I tend to wind up at his shows.
Today I wondered if I should.
I decided to.
Then I decided not.
Then I decided to.
Then I was standing outside the coffee shop with my brother, and pacing back and forth, just out of the range of the view of the people inside the shop, weighing the negatives and positives of entering the shop, wondering if the fact that I went to his show last night and have been to just about every single show he’s ever had/invited me to would look like I was stalking him, wondering if I was stalking him, being unable to cope with the concept of coming all that way and not actually seeing him, asking myself whether my brother was right in assuming that this was no big deal and I should just enter the coffee shop, calculating what my sister’s opinion on the matter would be, and whether it was of any value, and finally, I decided just to get this over with and walk into the coffee shop, and I missed his entire set.
This…would be a sad story, if it ended there. Or maybe this is a sad story no matter what. Maybe my inability to make decisions about life and my fear of guys thinking I like them when I do is absolutely, pathetically, sad, and there is no way to save this situation…
But, I went in to the coffee shop, and he was buying coffee, and another musician was performing.

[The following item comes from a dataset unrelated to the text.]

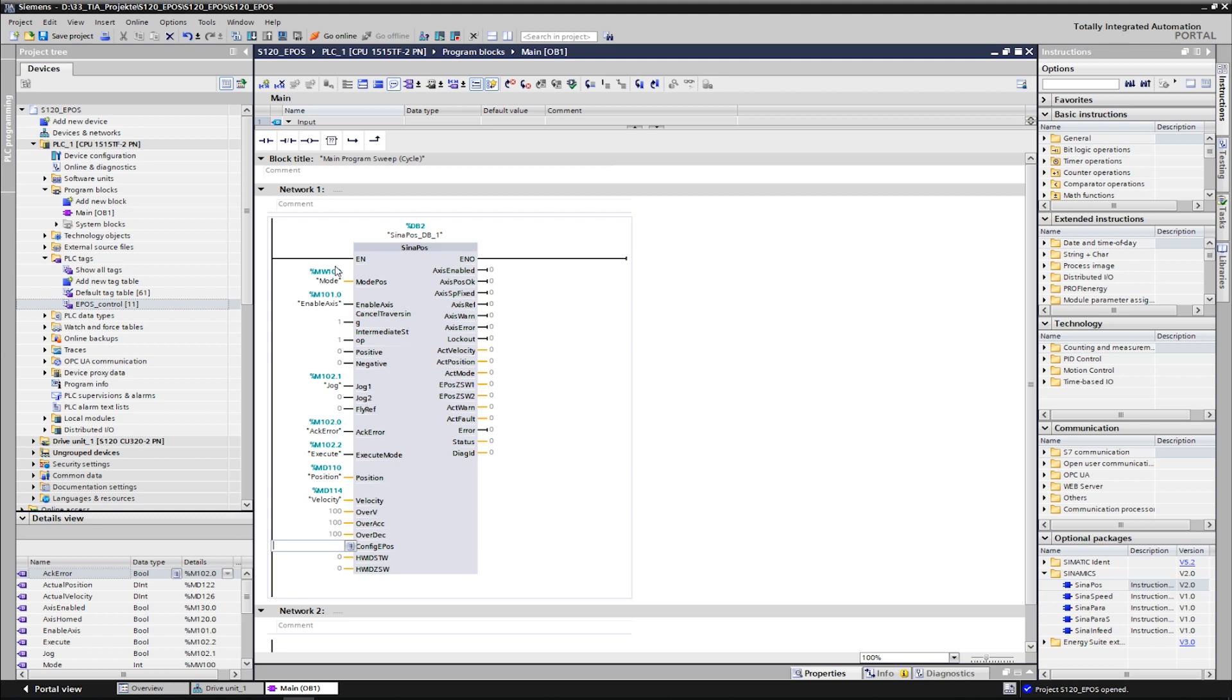In the ConfigEPOS input, further functions of the axis are broken down in binary form. For example, bit 0 and 1 stand for the shutdown functions OFF2 and OFF3 and are therefore set to 1 by default. Bit 2 activates the software limit switches. Since we want to use these, we additionally set bit 2 by specifying the converted decimal value 7. The value 7 results when the first 3 bits of the control word are set. The list of all control bits can be found in the manual.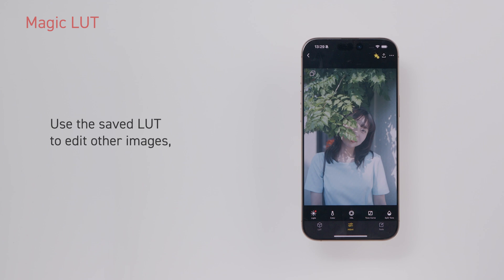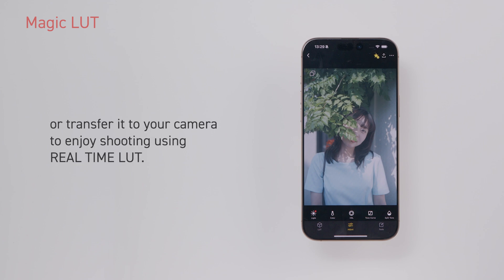Use the saved LUT to edit other images or transfer it to your camera to enjoy shooting using real-time LUT.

I walked over to my friend and said hello, and he smiled pleasantly and gave me a small hug, and my brother awkwardly said some things about driving the wrong direction several times (which, truthfully, we had…as I kept having my brother drive up and down the street while I took surveying glances of the shop to see whether I had the courage to enter it), and then I mumbled a weak apology for missing his set, and I mentioned how I had actually never heard the musician who was currently performing, so I was “going to go do that”.
So I spent the rest of the concert sitting in a giant chair next to my brother, watching the musician who I’d heard a lot about but never heard before, perform, and avoiding unnecessary eye contact with my friend and the appearance that I was secretly obsessed with him. (Because, I’m not…I just don’t want him to think I am, okay?)
The other musician was very talented, and after the show I chatted with her, and asked her questions about her music and was randomly awkward, and then my friend came over and I generally made small talk with them both, and then I left the shop with my brother, and then I ran back a second later to ask them another important question I’d forgotten, music-related, and basically, I think I proved that I wasn’t a creepy stalker.
That’s the impression you get from this slim account of the night’s activities: that I’m not a creepy stalker, I just…over-think things?
NO! Realized it. I just enjoy actually seeing my friends and now I have to accept the fact that I have friends that are guys that I am not in love with, and hanging out with them and wanting to see them is perfectly normal.
This is a simple realization, I’m just…I forget and complicate things sometimes.
-That girl who stands outside of coffee shops.